MORE INFORMATION

'Buried Child'

When: 8 p.m. Thursday-Saturdays, through Oct. 1

Where: MATCH, 3400 Main

Information: suggested price $35, matchouston.org

The Catastrophic Theatre has conjured up a quietly devastating portrait of an American family.

The staging, music and performances that unfold in its rendition of Sam Shepard's "Buried Child," at MATCH through Oct. 1, are packed with so much detail you can watch it again and again and find new truths each time.

Carolyn Houston Boone, Rutherford Cravens and Greg Dean – as a mother, father and a son – deliver wrenching portrayals of broken souls, and they anchor a production that has the pull of a whisper and the force of a cannon.

Shepard's 1978 play, which won the Pulitzer Prize for Drama, is carefully crafted and effortlessly poetic, but it's far from easy to handle. The dialogue doesn't contain superficial emotions that serve as conversational adverbs in so many kitchen-sink dramas. Instead, lines are laid bare on the page, and the actors can't bring out their meanings simply through emotive suggestion.

 

There are no secrets glimmering in their eyes. For this cast, directed magnificently by Jeff Miller, even that kind of "read my face not my words" subtext is too superficial. There is instead a feeling of a ghost, and a tone of shifting unease, that hangs over every scene. The performances are as haunting and lyrical as an elegy. They are never obvious.

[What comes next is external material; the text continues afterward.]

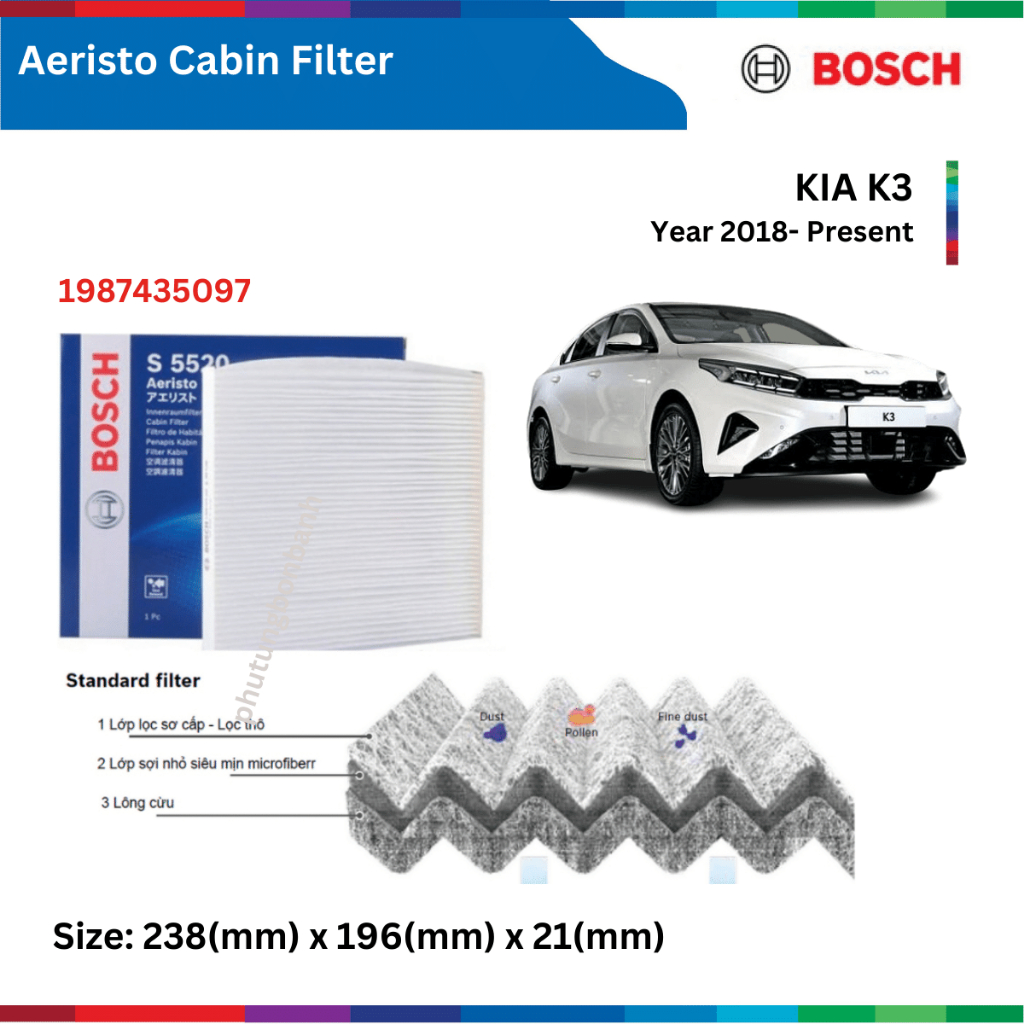 Lọc gió điều hòa xe ô tô KIA K3 (2018-), Bosch Aeristo 0986AF5097, lọc gió máy lạnh KIA K3, K3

The play begins with Cravens sitting alone. He's an old man named Dodge struggling to breathe on his living room couch in an old farmhouse where the surrounding land, once filled with corn and children, is now dry as dust. Family members filter in and out of the home.

 

Dodge's wife, Halie (a magnetic Boone), leaves to see a pastor, while his son, the shaky, distraught Tilden (Dean), returns from a lonely stay in New Mexico because he has nowhere else to go. A hotheaded grandson barges in with a girl on his arm, then storms out when no one seems to recognize him. Left alone, the girl, Shelly (Candice D'Meza), bears witness to a desperate, sadistic and sometimes violent people.

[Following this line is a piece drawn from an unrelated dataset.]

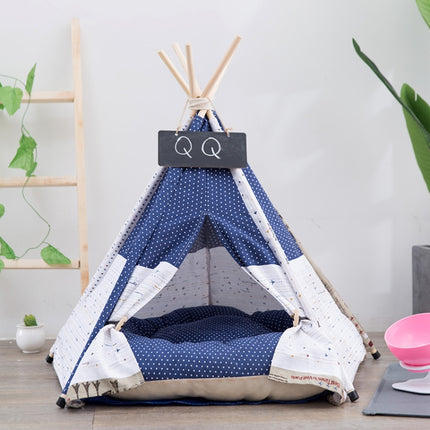 Cotton Canvas Pet Tent Cat and Dog Bed with Cushion, Specification: Small 40×40×50cm(White Dots)-garmade.com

What exactly happens in this story? What does it build up to? One answer lies in the title of "Buried Child," which suggests a loss of innocence and, perhaps, a terrible crime.

You might call the play a metaphysical whodunit. But the story is hardly traditional in how it builds tension or plots out conflicts. Its characters dance around the stage and, when they finally can't stand it anymore, let their demons spill out. The actors muster a rare combination of physicality and subtlety to drive those revelations home.

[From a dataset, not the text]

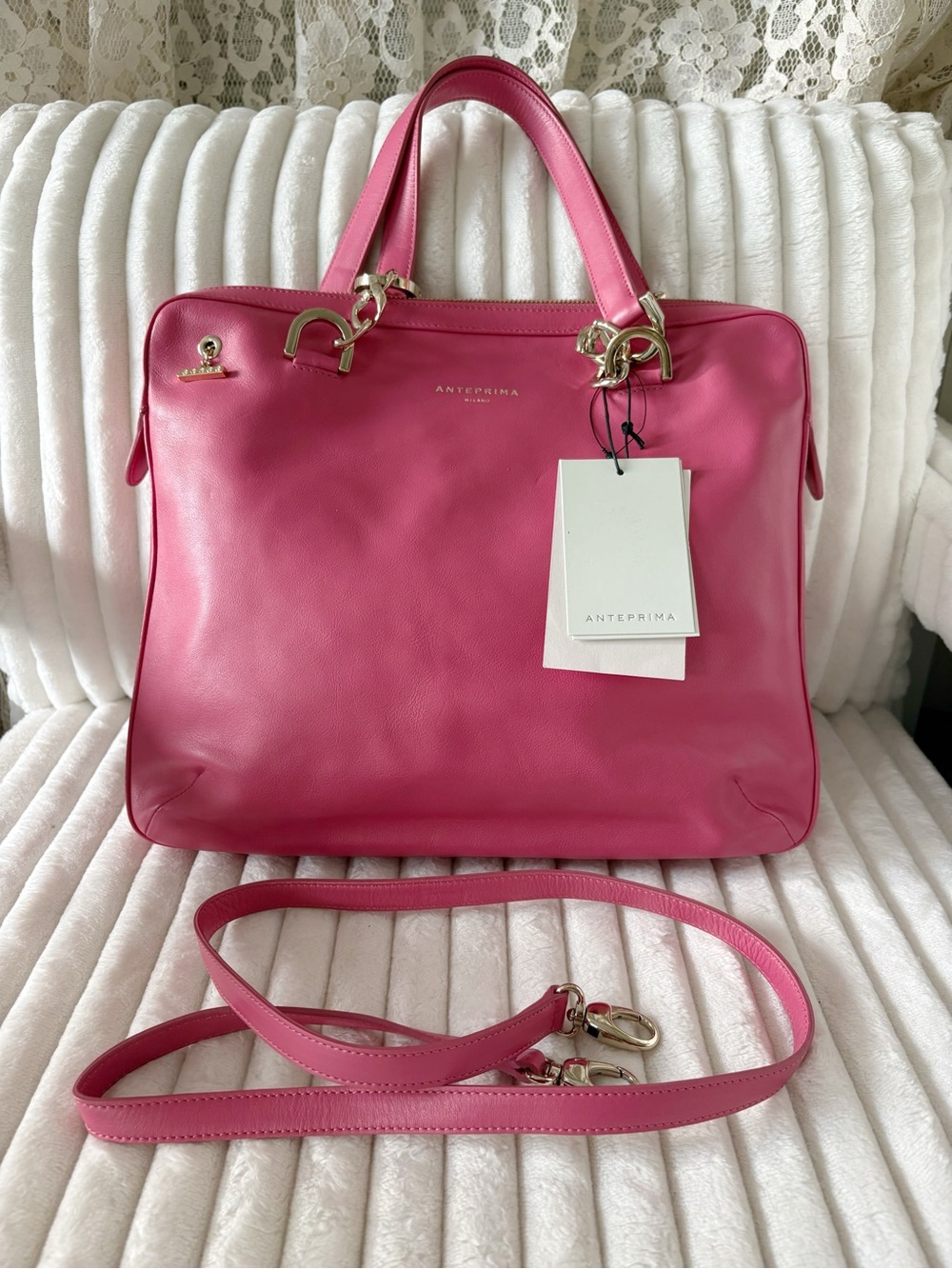 Rare Anteprima Milano Pink Leather 2 Way Crossbody Shoulder Bag Briefcase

Look, for example, at the way Dean uses his hands. He shucks corn with the rhythm of a man who knows the touch of the earth, snapping the ends with a crackle, then pulling away the ears one by one. But when his hands have nothing to hold, no tool or person to embrace, they quiver like leaves on a branch in winter. He's a man of great strength but also great fragility.

Tilden understands the most but is heard the least, and in this world of buried pasts, his eccentricities often feel strangely comforting. It's an utterly hypnotic performance by Dean.

Two elements set this production apart from others. The first is the astounding original score by Geoffrey Muller. It's played by country and bluegrass instruments, but with all the wrong notes, and trembling along with the urgent pulse of a train headed down a cliff. The music holds together the vision of "Buried Child" the same way Radiohead guitarist Jonny Greenwood's score did for the 2007 film "There Will Be Blood." It's essential.

The second is the casting of D'Meza as Shelly.

Unlike everyone else in the farmhouse, she's young, progressive and has no dog in any fight. Here, Shelly's also black, and Dodge's casual remarks about her incompatibility with Vince and about the "stupid people" she surely associates with – along with Halie's refusal to acknowledge her presence save a few remarks about buffoons playing basketball – take on an even more sinister tone. Then, in the disturbing scene that ends the first act, the electric D'Meza, along with Kyle Sturdivant as a rapist named Bradley, make us all shiver.

The Catastrophic Theatre lets D'Meza highlight two relevant themes, racism and sexual violence, that were glossed over when Shepard wrote the play in 1978. Shelly isn't given much to say about either issue, but D'Meza works around the script – through a fierce attitude and a heightened awareness of danger – and offers a more current perspective. She becomes 2016 plopped into 1978, and when she is abused and ignored, she will not tolerate such treatment. She will declare her humanity in a house devoid of it. She will not be silenced by a family that prefers the deathly quiet.

Speaking of silence, this is theater that is deliberate and artful in its use of pauses. Like jazz musicians, the actors wait between lines and scenes of action to let the words spend some time with the audience. In moments when "nothing" happens, details burst out – about mothers, fathers and the way the past does or doesn't define us.

Revelations never erupt to resolve the tension. Instead, they unfurl slowly, layer by layer, building toward a finale so graceful you might call it Shakespeare.